→ **What you will do**
Every line of the material needs an exact copy, apart from the images.

===== Dataset extract

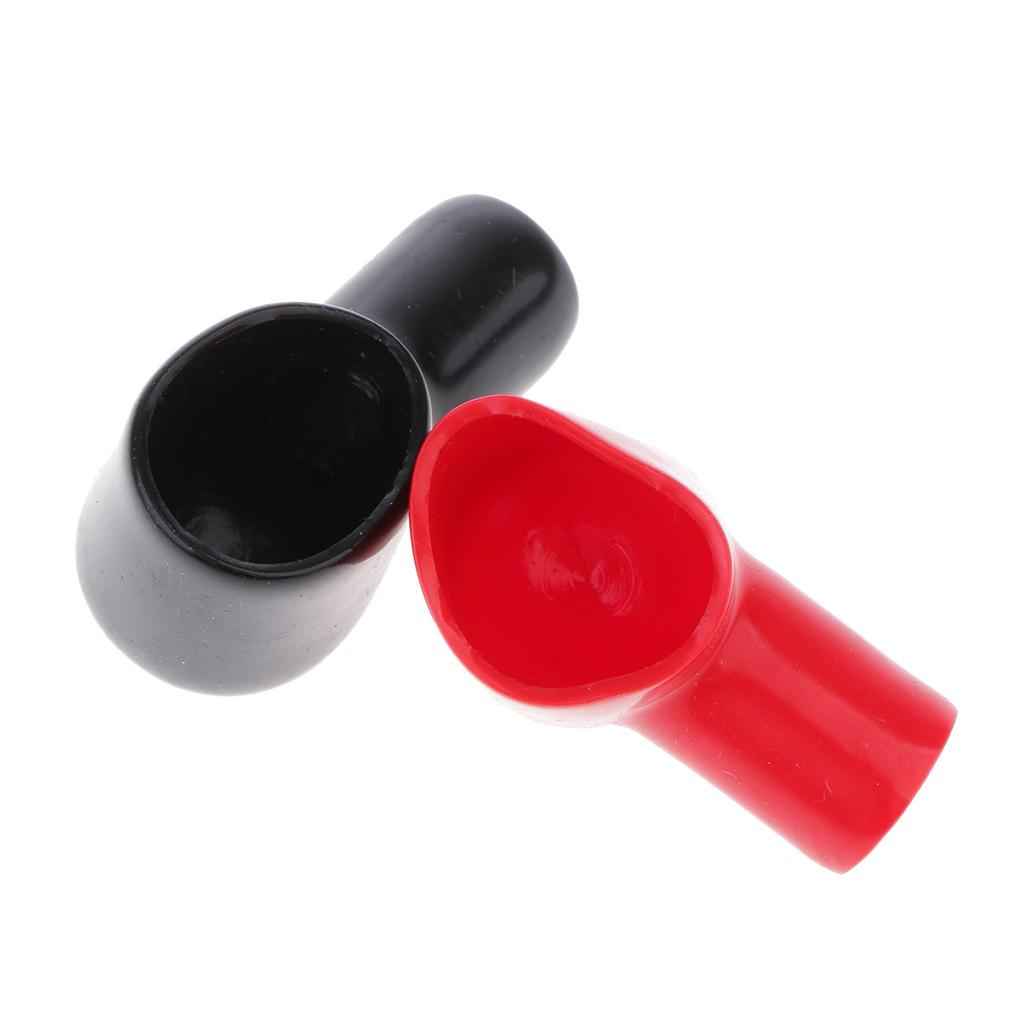 1Pair Car Battery Terminal Insulation Protector Sleeve Covers Black And Red 41mmx28mm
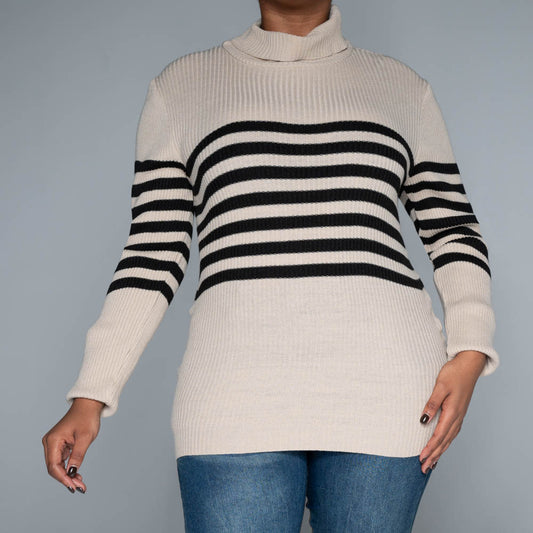Stone Stripe  Poloneck Jumper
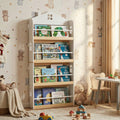 House-Shaped Kids Bookshelf with Anti-falling Baffles-White-0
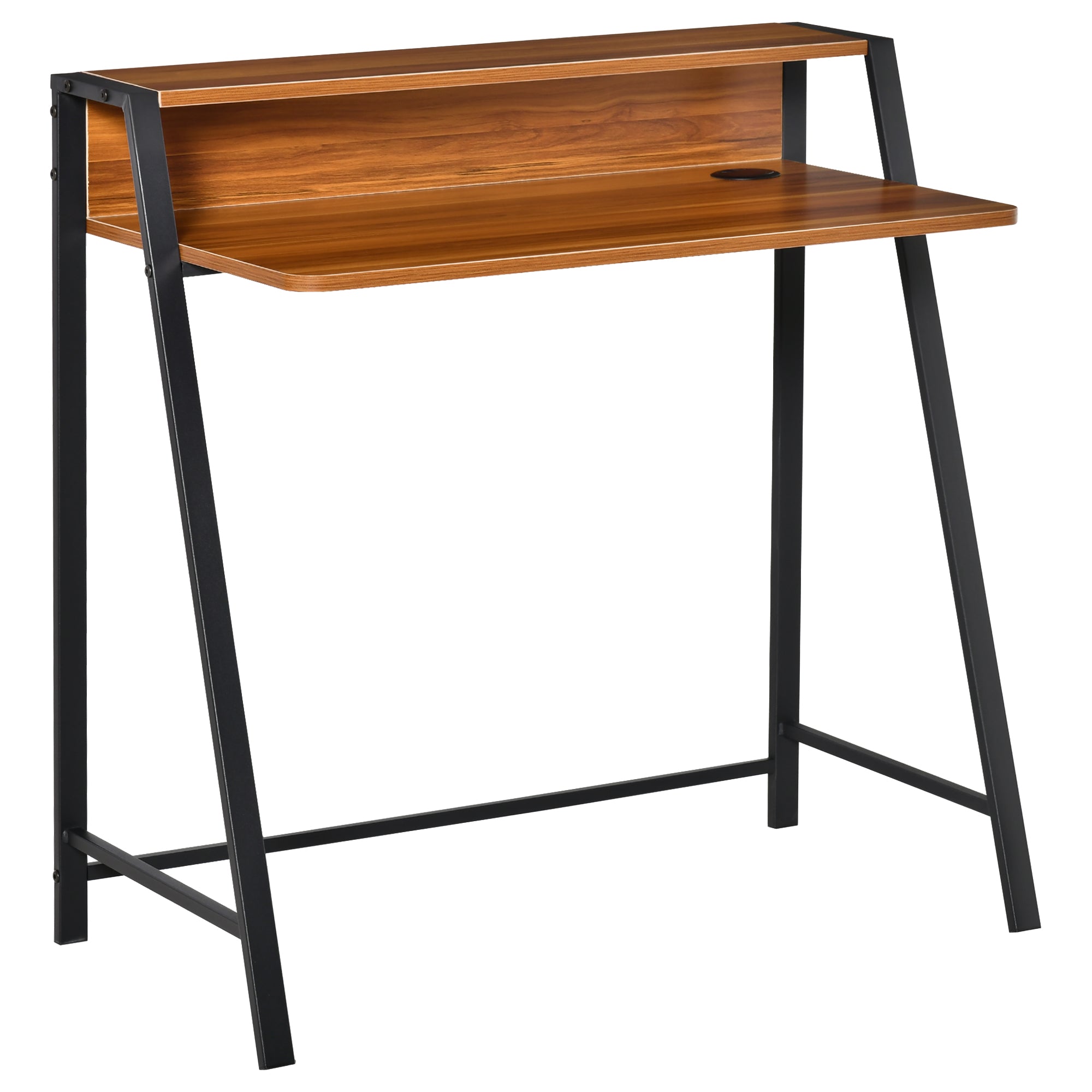 Skrivebord, computerbord med opbevaring og kabelhåndtering, moderne skrivebord med metalramme til studie, soveværelse, hjemmekontor, 84 x 45 x 85 cm, valnød + sort Skrivebord, computerbord med opbevaring og kabelhåndtering, moderne skrivebord med metalramme til studie, soveværelse, hjemmekontor, 84 x 45 x 85 cm, valnød + sort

==========

→ **Answer below**
 1Pair Car Battery Terminal Insulation Protector Sleeve Covers Black And Red 41mmx28mm
Stone Stripe  Poloneck Jumper
 House-Shaped Kids Bookshelf with Anti-falling Baffles-White-0
 Skrivebord, computerbord med opbevaring og kabelhåndtering, moderne skrivebord med metalramme til studie, soveværelse, hjemmekontor, 84 x 45 x 85 cm, valnød + sort Skrivebord, computerbord med opbevaring og kabelhåndtering, moderne skrivebord med metalramme til studie, soveværelse, hjemmekontor, 84 x 45 x 85 cm, valnød + sort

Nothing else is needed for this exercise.